Given records ▸
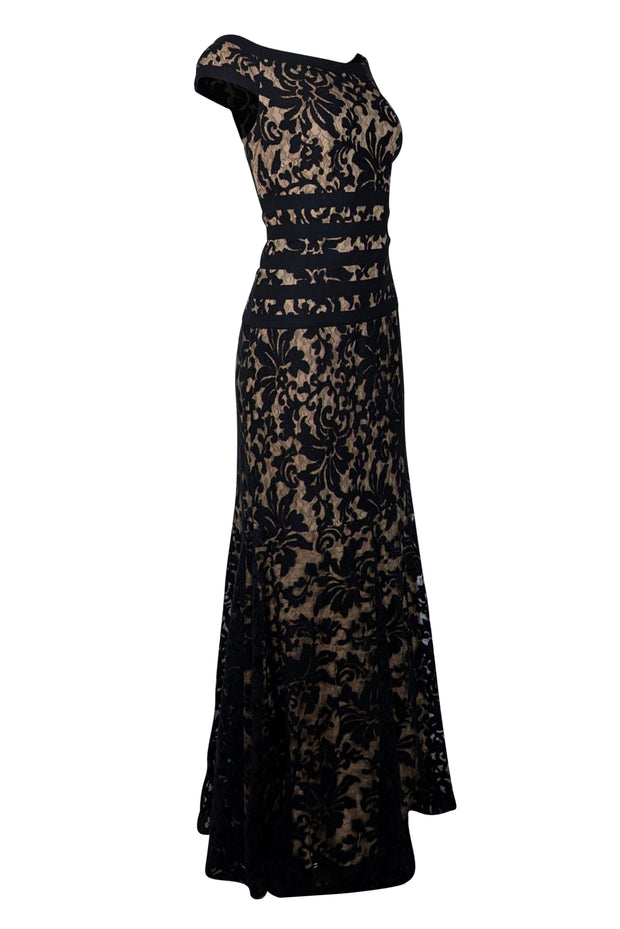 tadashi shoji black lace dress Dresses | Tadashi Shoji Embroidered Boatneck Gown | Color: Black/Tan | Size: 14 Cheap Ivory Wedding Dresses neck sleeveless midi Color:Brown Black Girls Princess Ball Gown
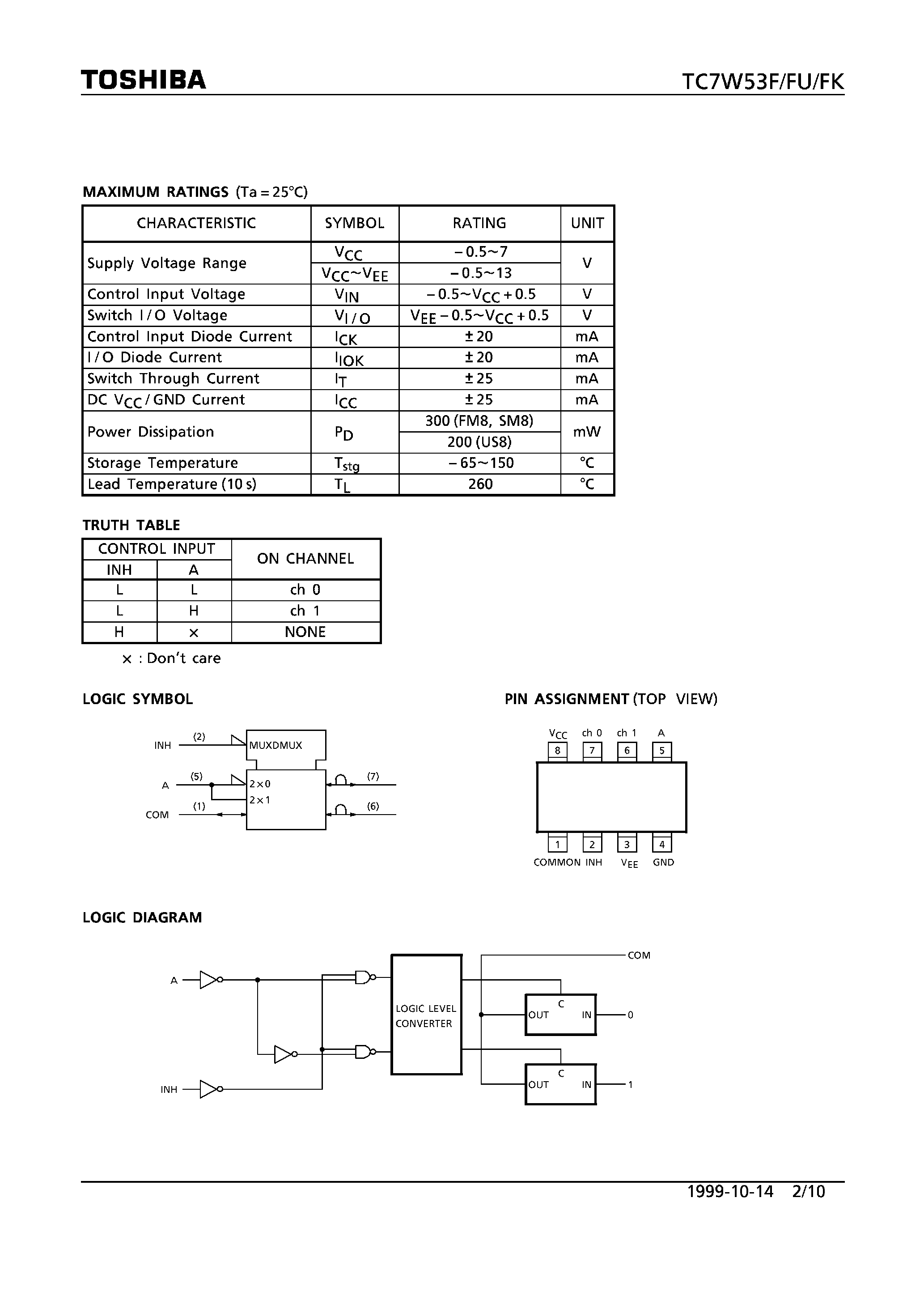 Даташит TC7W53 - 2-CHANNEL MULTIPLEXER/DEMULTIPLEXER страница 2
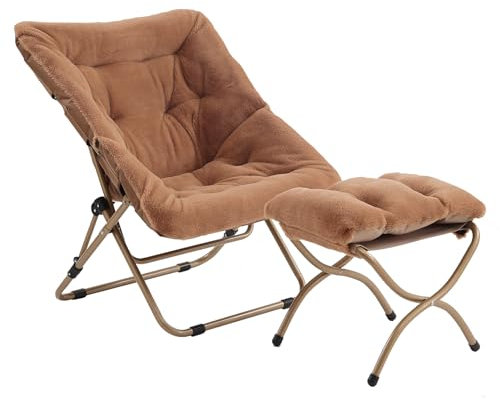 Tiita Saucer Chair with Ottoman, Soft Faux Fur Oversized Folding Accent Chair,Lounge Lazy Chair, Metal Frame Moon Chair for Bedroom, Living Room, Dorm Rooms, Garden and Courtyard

==

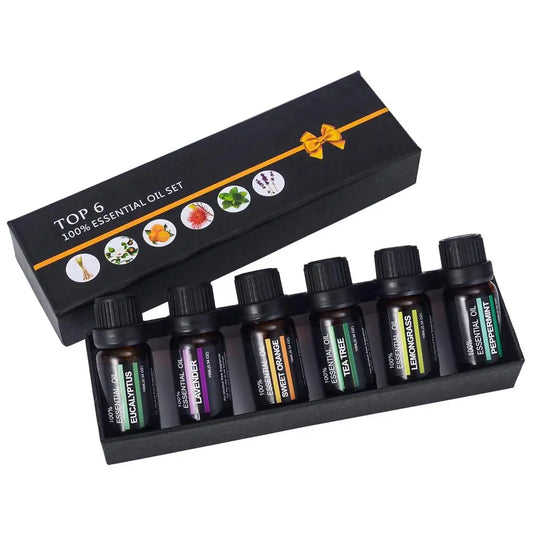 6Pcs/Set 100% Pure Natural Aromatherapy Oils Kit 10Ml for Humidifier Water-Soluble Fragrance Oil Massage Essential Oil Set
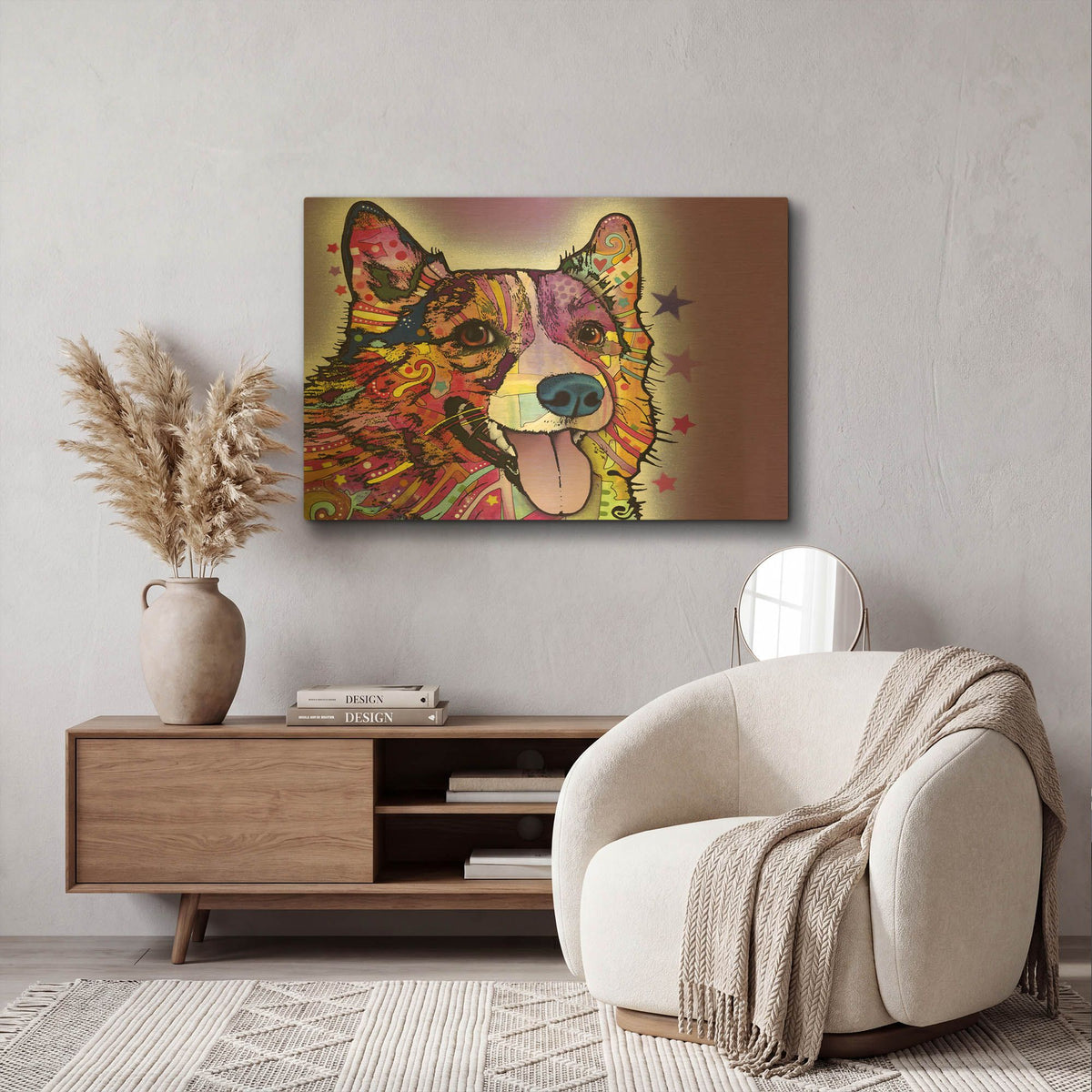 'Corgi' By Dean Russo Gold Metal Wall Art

The problem ▸ Above are some entries. Restate word for word the lines from the one holding "tadashi shoji black" through the one holding "Tiita Saucer Chair", but not the pictures.

Solved problem ▸
 tadashi shoji black lace dress Dresses | Tadashi Shoji Embroidered Boatneck Gown | Color: Black/Tan | Size: 14 Cheap Ivory Wedding Dresses neck sleeveless midi Color:Brown Black Girls Princess Ball Gown
 Даташит TC7W53 - 2-CHANNEL MULTIPLEXER/DEMULTIPLEXER страница 2
 Tiita Saucer Chair with Ottoman, Soft Faux Fur Oversized Folding Accent Chair,Lounge Lazy Chair, Metal Frame Moon Chair for Bedroom, Living Room, Dorm Rooms, Garden and Courtyard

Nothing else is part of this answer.